*** Opening Material supplied ***

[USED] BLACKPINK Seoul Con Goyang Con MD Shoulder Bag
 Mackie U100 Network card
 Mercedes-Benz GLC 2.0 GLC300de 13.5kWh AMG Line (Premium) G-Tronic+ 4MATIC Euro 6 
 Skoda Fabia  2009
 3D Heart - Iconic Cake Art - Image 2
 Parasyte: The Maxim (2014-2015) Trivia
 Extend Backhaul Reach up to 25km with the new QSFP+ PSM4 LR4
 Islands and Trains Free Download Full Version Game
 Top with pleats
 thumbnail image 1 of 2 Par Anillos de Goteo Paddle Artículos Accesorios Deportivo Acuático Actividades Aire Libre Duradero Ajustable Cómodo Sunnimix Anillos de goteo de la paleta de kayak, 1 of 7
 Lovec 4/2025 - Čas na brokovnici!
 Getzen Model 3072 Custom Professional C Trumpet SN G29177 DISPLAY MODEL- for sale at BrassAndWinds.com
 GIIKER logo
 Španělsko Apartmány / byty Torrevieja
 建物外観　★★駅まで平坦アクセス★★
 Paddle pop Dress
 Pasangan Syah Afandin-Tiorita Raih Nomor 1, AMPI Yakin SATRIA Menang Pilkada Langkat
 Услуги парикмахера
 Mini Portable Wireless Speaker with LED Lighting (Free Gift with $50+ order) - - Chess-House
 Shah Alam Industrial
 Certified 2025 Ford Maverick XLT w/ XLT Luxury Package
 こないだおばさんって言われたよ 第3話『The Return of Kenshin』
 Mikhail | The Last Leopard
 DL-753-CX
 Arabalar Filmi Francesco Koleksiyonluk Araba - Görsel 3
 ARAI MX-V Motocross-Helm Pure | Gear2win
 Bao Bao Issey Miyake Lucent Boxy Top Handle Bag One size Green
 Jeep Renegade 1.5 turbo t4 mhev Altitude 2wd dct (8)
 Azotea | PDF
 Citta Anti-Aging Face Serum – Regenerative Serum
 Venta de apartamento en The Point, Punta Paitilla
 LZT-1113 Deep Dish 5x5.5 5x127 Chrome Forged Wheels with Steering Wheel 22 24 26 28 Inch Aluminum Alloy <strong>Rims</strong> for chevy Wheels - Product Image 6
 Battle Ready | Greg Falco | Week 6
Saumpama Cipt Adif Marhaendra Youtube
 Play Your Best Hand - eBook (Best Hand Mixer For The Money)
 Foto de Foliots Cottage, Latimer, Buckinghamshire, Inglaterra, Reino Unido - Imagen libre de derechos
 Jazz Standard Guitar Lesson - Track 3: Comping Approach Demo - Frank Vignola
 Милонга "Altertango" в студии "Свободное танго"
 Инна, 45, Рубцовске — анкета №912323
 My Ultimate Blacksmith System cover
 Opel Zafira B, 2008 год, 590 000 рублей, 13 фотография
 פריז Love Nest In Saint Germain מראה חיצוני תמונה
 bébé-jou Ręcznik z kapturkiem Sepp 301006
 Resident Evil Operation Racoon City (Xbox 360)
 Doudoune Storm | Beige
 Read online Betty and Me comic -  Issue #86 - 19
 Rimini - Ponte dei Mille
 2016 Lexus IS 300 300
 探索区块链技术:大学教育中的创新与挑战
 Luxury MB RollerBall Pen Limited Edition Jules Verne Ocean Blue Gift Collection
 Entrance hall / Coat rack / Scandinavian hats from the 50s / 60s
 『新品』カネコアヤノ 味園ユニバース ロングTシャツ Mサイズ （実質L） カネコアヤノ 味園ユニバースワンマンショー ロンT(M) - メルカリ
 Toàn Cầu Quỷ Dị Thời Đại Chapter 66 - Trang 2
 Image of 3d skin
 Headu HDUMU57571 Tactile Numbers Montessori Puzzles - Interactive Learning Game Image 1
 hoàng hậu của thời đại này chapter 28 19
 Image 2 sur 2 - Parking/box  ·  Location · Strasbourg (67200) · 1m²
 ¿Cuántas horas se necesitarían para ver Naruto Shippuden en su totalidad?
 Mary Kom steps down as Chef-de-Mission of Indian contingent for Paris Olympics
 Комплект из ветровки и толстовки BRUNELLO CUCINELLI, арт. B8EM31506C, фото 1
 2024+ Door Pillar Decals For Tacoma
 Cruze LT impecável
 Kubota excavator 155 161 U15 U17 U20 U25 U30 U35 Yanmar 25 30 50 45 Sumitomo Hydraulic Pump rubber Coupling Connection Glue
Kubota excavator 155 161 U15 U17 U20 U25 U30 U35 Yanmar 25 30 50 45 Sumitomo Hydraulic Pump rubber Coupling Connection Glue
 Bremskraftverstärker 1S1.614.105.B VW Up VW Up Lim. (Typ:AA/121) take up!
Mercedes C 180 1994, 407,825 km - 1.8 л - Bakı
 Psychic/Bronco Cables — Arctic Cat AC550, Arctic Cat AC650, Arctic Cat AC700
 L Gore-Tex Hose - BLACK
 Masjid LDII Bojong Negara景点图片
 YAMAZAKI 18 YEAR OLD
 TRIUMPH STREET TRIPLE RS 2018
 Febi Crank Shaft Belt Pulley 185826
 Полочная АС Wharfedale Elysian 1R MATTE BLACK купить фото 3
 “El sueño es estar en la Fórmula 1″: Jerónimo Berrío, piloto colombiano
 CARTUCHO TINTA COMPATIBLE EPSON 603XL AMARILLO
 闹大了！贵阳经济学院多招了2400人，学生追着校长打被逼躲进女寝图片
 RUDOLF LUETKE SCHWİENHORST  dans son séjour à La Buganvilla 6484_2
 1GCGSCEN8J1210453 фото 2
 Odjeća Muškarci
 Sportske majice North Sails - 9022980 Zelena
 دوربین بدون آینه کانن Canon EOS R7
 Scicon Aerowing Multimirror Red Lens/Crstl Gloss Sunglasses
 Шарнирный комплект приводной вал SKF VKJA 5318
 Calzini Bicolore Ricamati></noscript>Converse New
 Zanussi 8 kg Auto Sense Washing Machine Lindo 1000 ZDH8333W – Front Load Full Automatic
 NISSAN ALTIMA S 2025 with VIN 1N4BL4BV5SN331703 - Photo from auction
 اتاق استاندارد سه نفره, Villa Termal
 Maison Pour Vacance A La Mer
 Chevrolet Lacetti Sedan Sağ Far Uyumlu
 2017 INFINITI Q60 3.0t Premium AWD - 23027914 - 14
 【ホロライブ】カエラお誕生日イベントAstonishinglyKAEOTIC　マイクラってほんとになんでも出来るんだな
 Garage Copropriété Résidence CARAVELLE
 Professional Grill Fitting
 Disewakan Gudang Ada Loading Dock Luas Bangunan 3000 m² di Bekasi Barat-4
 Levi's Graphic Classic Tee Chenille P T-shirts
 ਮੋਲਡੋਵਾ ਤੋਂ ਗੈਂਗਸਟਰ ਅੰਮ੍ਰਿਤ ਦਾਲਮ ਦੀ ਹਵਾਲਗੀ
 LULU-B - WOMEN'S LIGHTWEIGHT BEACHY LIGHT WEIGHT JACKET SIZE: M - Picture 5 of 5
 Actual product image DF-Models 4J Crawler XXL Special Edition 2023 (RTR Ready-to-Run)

*** Closing Material supplied ***

- Work task -
Every line of the listing above that contains "rubber" is to be copied.

- Output -
 Kubota excavator 155 161 U15 U17 U20 U25 U30 U35 Yanmar 25 30 50 45 Sumitomo Hydraulic Pump rubber Coupling Connection Glue
Kubota excavator 155 161 U15 U17 U20 U25 U30 U35 Yanmar 25 30 50 45 Sumitomo Hydraulic Pump rubber Coupling Connection Glue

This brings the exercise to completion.